Lorgnon mélancolique | 2 octobre 2015
Dieu qu'il est bienvenu « désensabler » les oubliés ! Et surtout Marcel Arland « notoirement méconnu » de l'actuel public dit cultivé. J'ai relu récemment l'exquis « Terre natale » (1938) et le terriblement désenchanté « Où le cœur se partage » (1929). Du nanan !

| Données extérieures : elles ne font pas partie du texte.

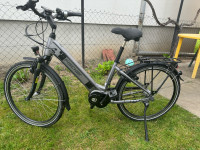 E bike električni bicikl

http://lorgnonmelancolique.blog.lemonde.fr/2009/10/04/vous-avez-repasse/
http://lorgnonmelancolique.blog.lemonde.fr/2013/09/02/lamour/
Cher Michel Crépu, continuez à nous enchanter avec le fonds de la maison, vous siégez sur une mine aurifère !

Liévin | 6 octobre 2015
Il est bon de parler de Marcel Arland à l'aube du 30e anniversaire de sa disparition. Pourquoi un tel silence autour de lui ? Dans les années qui ont suivi son décès en 1986, nous fumes un certain nombre parmi ceux qui l'avaient connu à vouloir faire vivre sa mémoire à travers colloques et expositions... Il n'est pas normal que son roman L'Ordre ne soit pas en livre de poche, que ses magnifiques recueils de nouvelles ne soient pas réédités... Bravo donc à M. Michel Crépu pour ce signe qui nous l'espérons sera suivi d'autres...

Michel Crépu | 7 octobre 2015
Merci pour ces messages, je vais m'employer à remonter la pente ! merci de vos encouragements ! À suivre !!